As for bad debt levels in more specific elements of consumer lending, RBS wrote off three times as much card debt as it did in 2015, from £10m to £31m in 2016.
RBS also declared a slight increase in its impairment charges against personal advances, including personal loans and overdrafts, rising from £69m in 2015 to £84m in 2016.
As for general performance across the group, RBS recorded a £4bn loss again this. Chief executive Ross McEwan said this reflected charges for outstanding litigation and conduct costs as well as costs associated with restructuring the bank.
RBS’s litigation and conduct costs increased 65 percent year-on-year, from £3.5bn in 2015 to £5.8bn in 2016.
McEwan said the financial impact of these costs is a “difficult but necessary step” in working through the bank’s legacy issues.
He said: “These costs are a stark reminder of what happens to a bank when things go wrong and you lose focus on the customer, as this bank did before the financial crisis.”

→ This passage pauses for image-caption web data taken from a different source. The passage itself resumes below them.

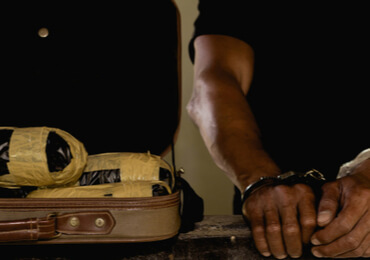 man handcuffed after being arrested of drug trafficking in Nevada
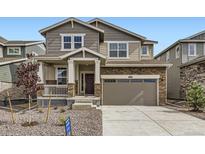 Charming two-story home featuring stone accents, neutral siding, and an attached two-car garage at 28625 E 6Th Pl, Watkins, CO 80137
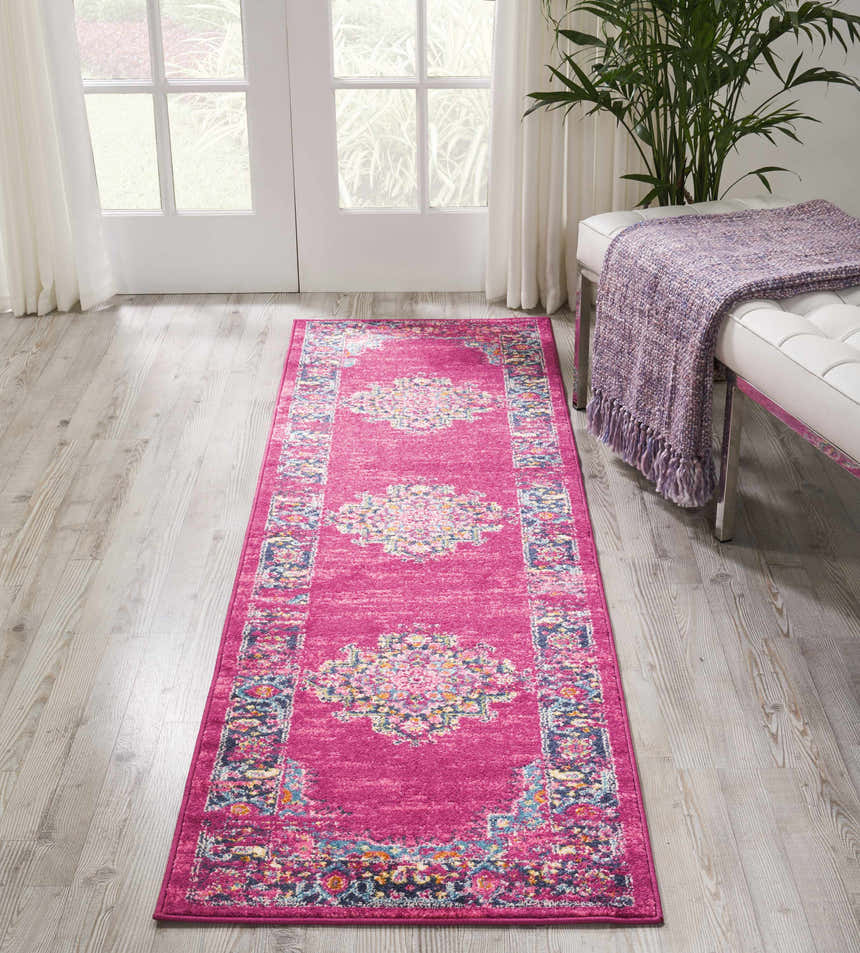 Entryway with a Nourison Passion Fuchsia runner rug, white bench, and wood floors. Bohemian style.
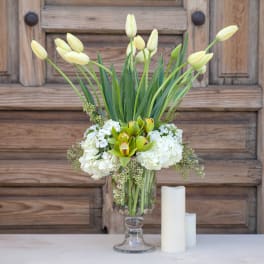 White tulips and hydrangeas in a clear glass vase with two candles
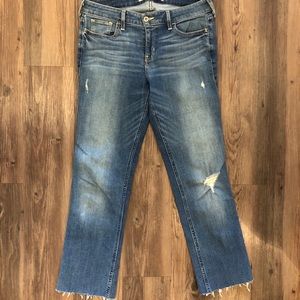 Medium wash jeans with frayed bottoms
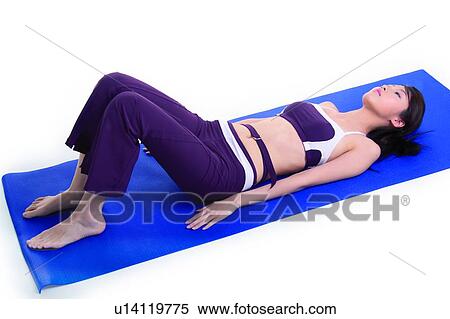 Young woman lying on mat View Large Photo Image Stock Photography - Young woman lying on mat. Fotosearch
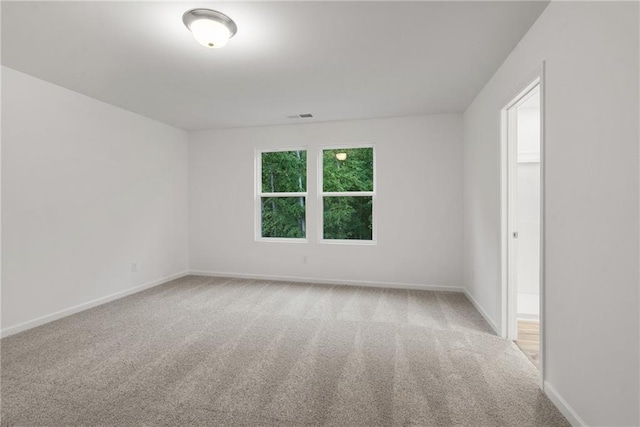 spare room with light carpet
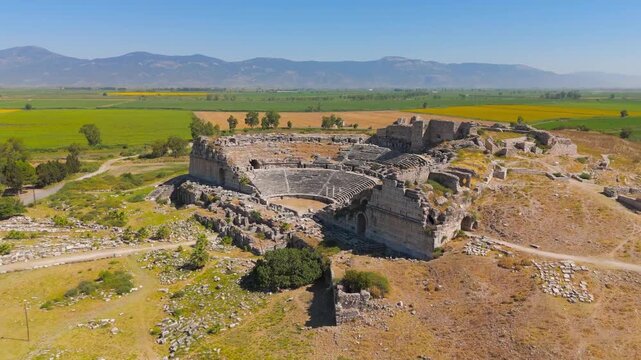Balat, Turkey. Aerial drone view of the ancient Theatre of Miletus, main landmark of the archaeological site with rows of seats and stage. Aerial View, Point of interest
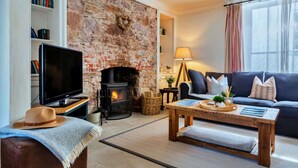 A cozy living room with a brick fireplace, a television on a wooden stand, a sofa, a coffee table, and a bookshelf.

In November 2016, the bank estimated it would spend £400m to refund SMEs that claimed they were pushed into administration by the bank’s Global Restructuring Group (GRG) between 2008 and 2013.
James Hayward, chief executive of RGL Management Limited (RGL), the team representing these SMEs, said: “The bank is offering a derisory self-administered compensation scheme. We are looking forward to suing RBS this year on behalf of our claimants.”
RBS spent £2.1bn on restructuring costs for the full year of 2016, a slight decrease compared to last year’s total of £2.9bn.
McEwan said he aims to have RBS back in profit by 2018, representing a significant step towards being able to start repaying UK taxpayers for their support.
He said: “(This is) assuming we can conclude our issues on residential mortgage-backed securities this year and resolve our residual state aid obligations.”